A novel feature of the adult guidelines is the concept of treatable traits, which recognises that poor respiratory health in a person with asthma may not necessarily be due to their asthma, particularly if they are receiving ‘optimal treatment’, but may be due to some other reason, which requires investigation and treatment in its own right.13,14 Treatable traits can be broadly characterised into overlapping disorders such as COPD, bronchiectasis and vocal cord dysfunction, comorbidities such as chronic rhinosinusitis, depression and anxiety, environmental factors such as tobacco smoke and occupational exposures, and treatment factors such as poor adherence or poor inhaler technique. It would be reasonable to suggest that treatable traits are also an important consideration in the management of children and adolescents with asthma who have persistent symptoms despite optimal pharmacological treatment.

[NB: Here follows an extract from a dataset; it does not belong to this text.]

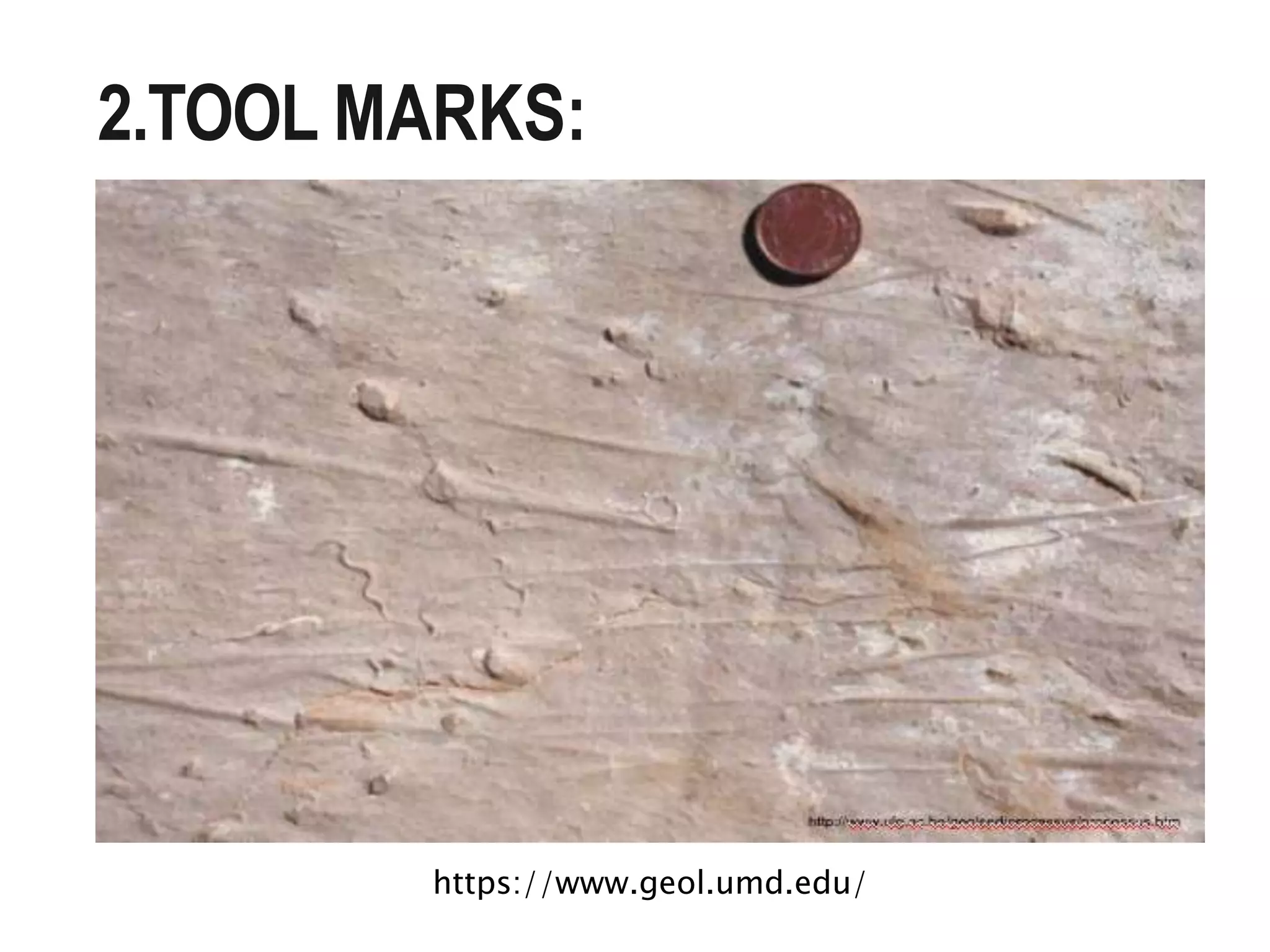 2.TOOL MARKS:
https://www.geol.umd.edu/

The authors of the child and adolescent asthma guidelines should be congratulated on their practical and evidence-based guidelines. The consistency and standardisation of the recommendations with the adult guidelines should allow a smooth transition in the management of patients as they progress from childhood to adolescence and then adult life. After a long wait, we now have guidelines for New Zealand children, adolescents and adults that are both up-to-date and fit-for-purpose. The challenge is now is to get their recommendations translated into clinical practice.